To understand how history shapes the present, we need to consider both our shared global history and the histories that are specific to our local contexts. Although there are consistent patterns that play out broadly, every context is unique and has evolved in different ways. Exploring our historical journeys both globally and locally, and the relationship between the two, can help us understand the underlying ideologies and events that have shaped our present realities and the nuanced ways in which they express today.
Take a moment to consider these questions..
- In your local/national context, where has dominant power expressed throughout history? (When has the full humanity, freedom, rights, culture of people been oppressed.. Along what different lines of identity did this happen?)
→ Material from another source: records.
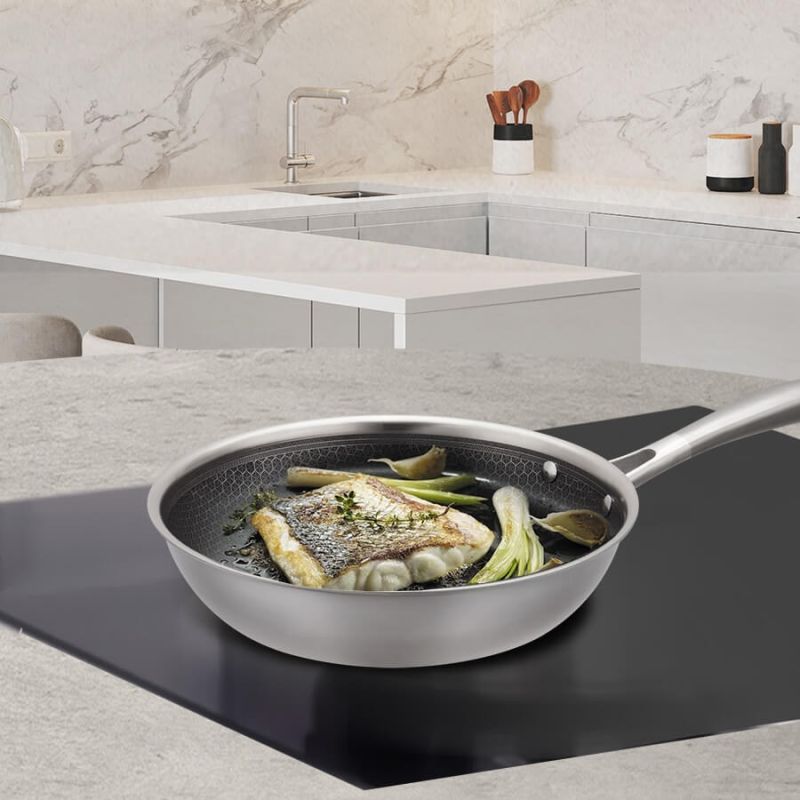 4. Frying pan MAESTRO MR-1224-28 28 cm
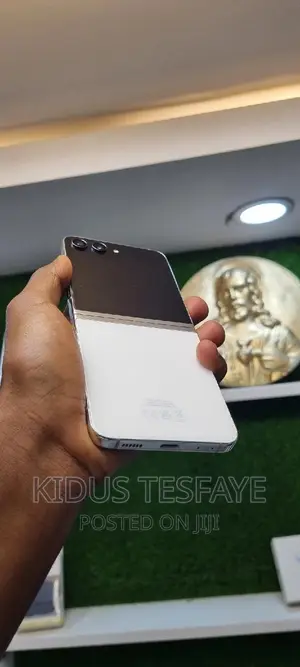 Samsung Galaxy Z Flip 5 256 GB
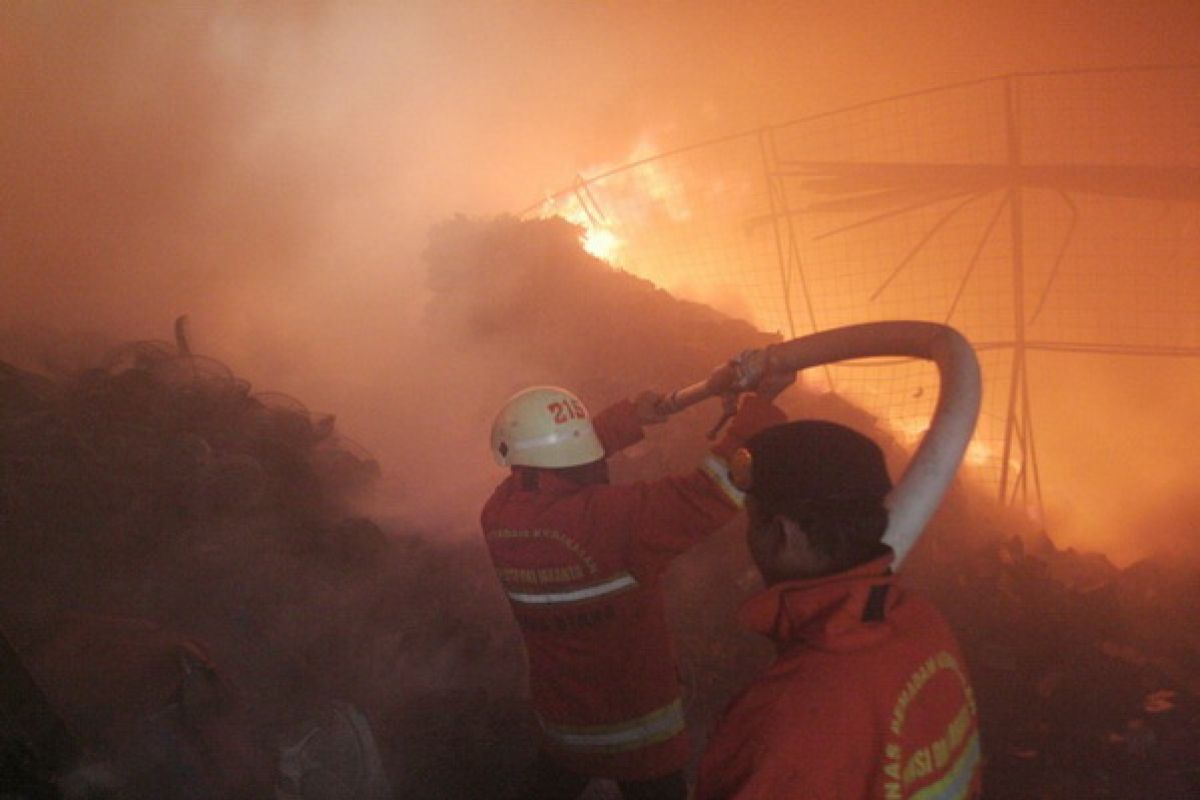 Kebakaran terjadi di Jakarta Utara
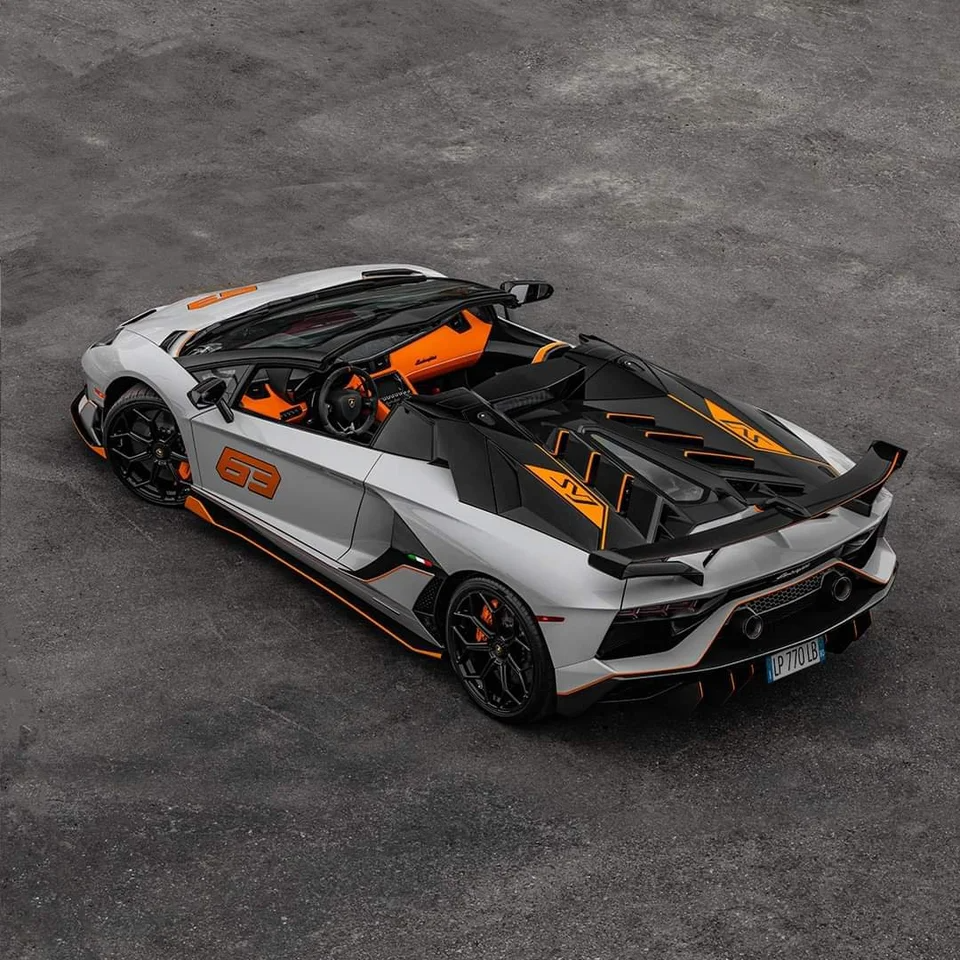 Ламборджини авентадор SVJ Roadster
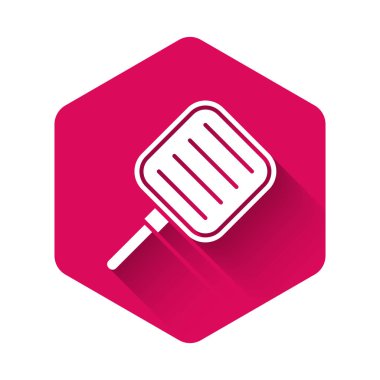 Uzun gölge ile izole beyaz tava simgesi. Fry veya kızartma gıda sembolü. Pembe altıgen düğmesi. Vektör Illustration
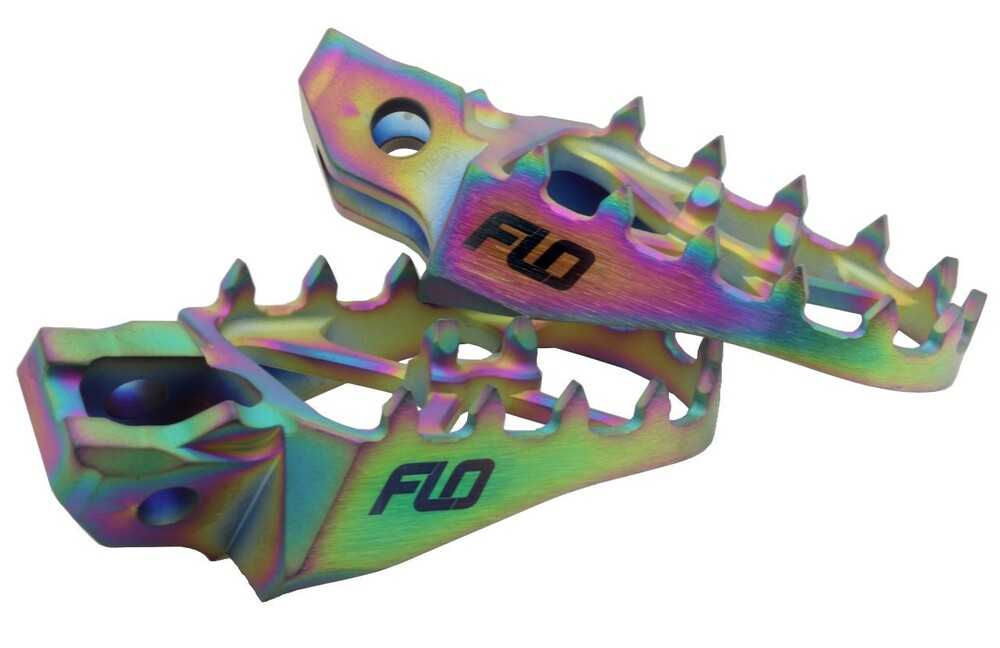 FLO MOTORSPORTS TITANIUM FOOT PEGS JET FUEL GAS/HUS/KTM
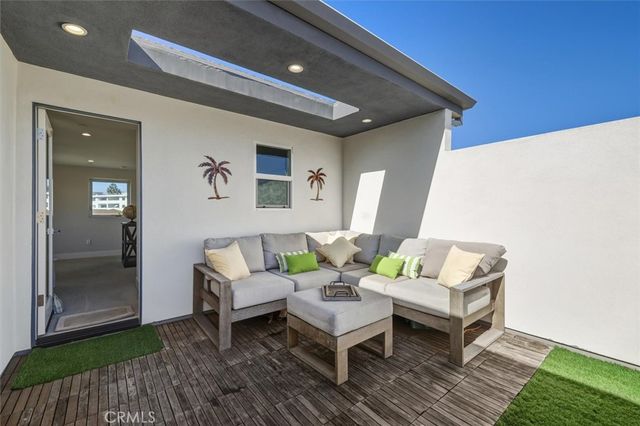 1729 Harriman Lane A, Redondo Beach, CA 90278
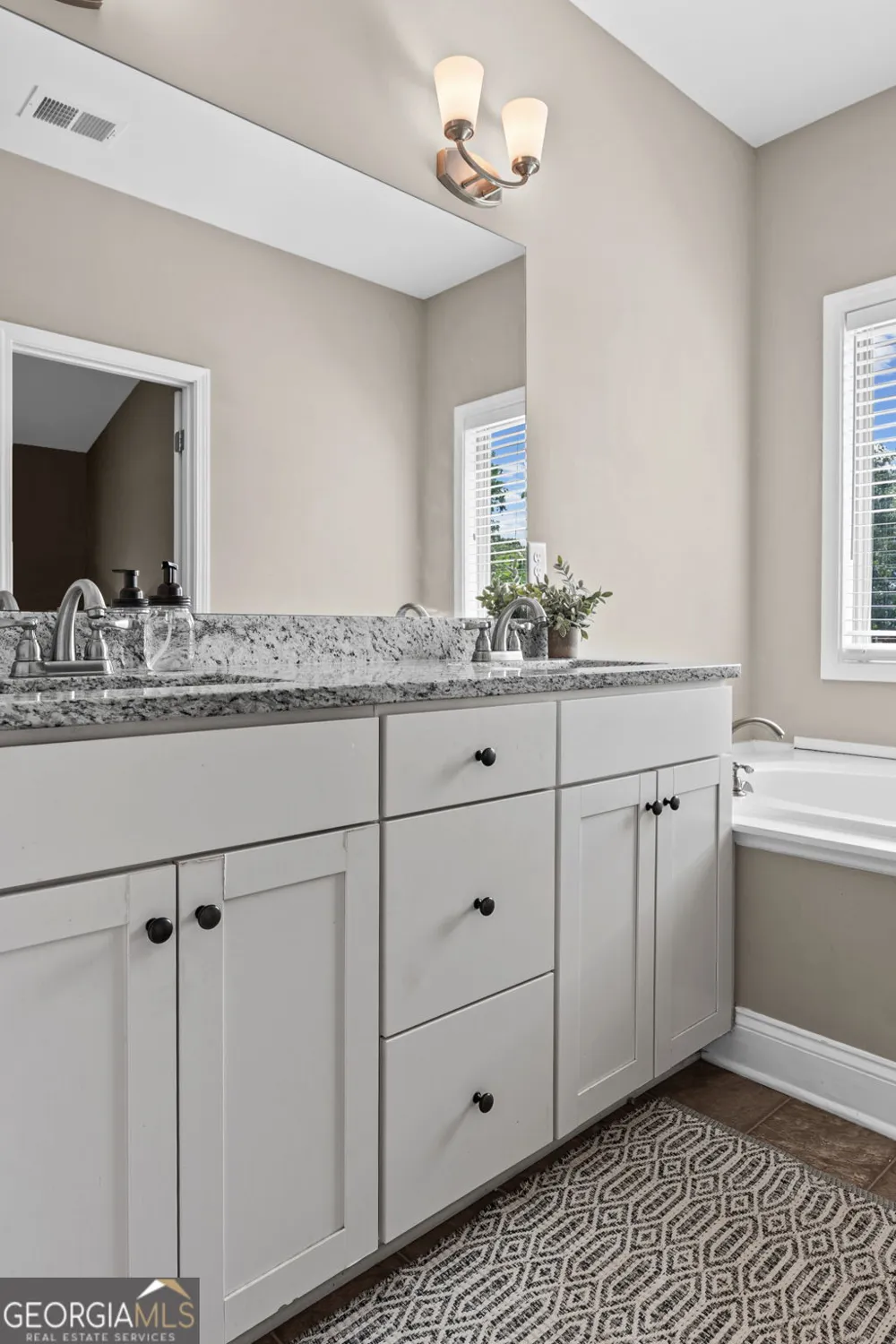 5411 Hightower TRL Oxford, GA 30054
- How has your local history been influenced by global hitory? (Consider the ideological, cultural and economic influence of: colonialism, industrialisation, capitalism, fascism, communism etc.)
- Where do you see this reflected in your education system and the broader system?
- Do you have the information you need to answer this question? Who has had the power to write the ‘official’ account of history? Who’s narratives have been left out or suppressed? How can you learn from the narratives of historically oppressed groups in your context?